Whole life carbon and embodied carbon

Achieving net zero carbon in construction can be a technical, often complex challenge. Designing to reduce whole life carbon is an essential part of rising to that challenge.

A view of the rooftop terrace of Entopia ona sunny day featuring the PV panel canopy which provides shade to the benches below.

About whole life carbon

Max Fordham’s whole life carbon team is truly multidisciplinary, with backgrounds that range from ‘traditional’ mechanical and electrical engineering to architecture, structural engineering, and Passivhaus design. With the thorough understanding of the whole building’s design and construction that such a range of expertise brings, we not only provide the robust and detailed embodied carbon modelling required for BREEAM certification and planning compliance, but also the strategic upfront advice and optioneering that helps result in buildings that are truly low carbon.

Simply put, the whole life carbon equation is operational carbon + embodied carbon. Operational carbon is associated with a building’s actual energy and water use: its measurement and reduction through good building services design or decarbonisation is a well-established process. Embodied carbon is more nebulous: it is the carbon tied up in a building’s construction materials (steel, concrete, plastic, timber, brick) and associated construction processes.
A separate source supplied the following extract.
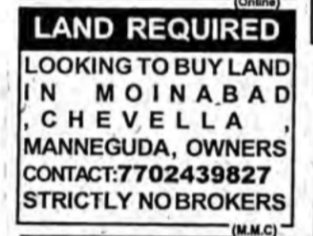 Land Wanted in Moinabad & Nearby Areas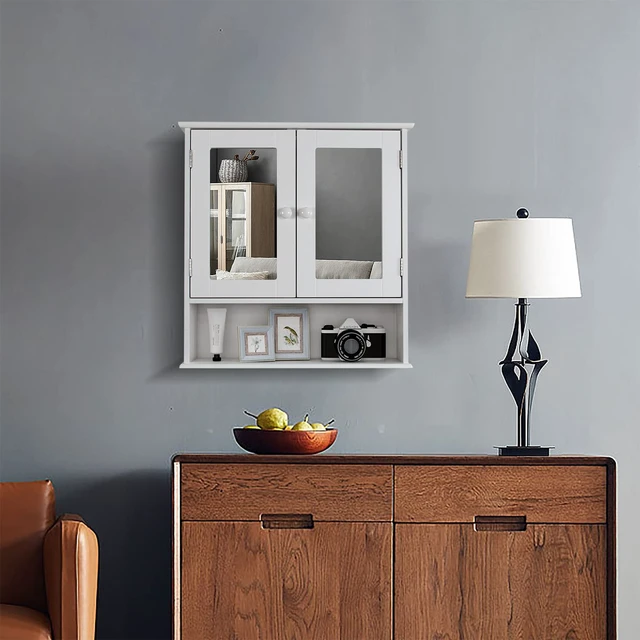Alt view image 5 of 7 - Medicine Cabinet, Medicine Cabinets for Bathroom with Mirror 2 Doors | 3 Open Shelf, Bathroom Cabinet Wall Mounted Wooden Storage Over Toilet Laundry Room Kitchen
This is challenging to measure and requires collaboration from the whole team. 

Working closely with the client and design team, our consultants set embodied carbon targets and measurement strategies; advise on the design decisions – such as material selection, façade design, massing, fit-out, and MEP strategies – that will have the biggest embodied carbon impacts; advise on circular economy strategies; and provide invaluable data-driven input into early-stage decisions – such as retrofit versus demolition – that can have wide-ranging and far-reaching impacts on a project’s long term financial and carbon costs. 

For us, whole life carbon considerations are not a constraint – they’re an opportunity to deliver truly sustainable buildings.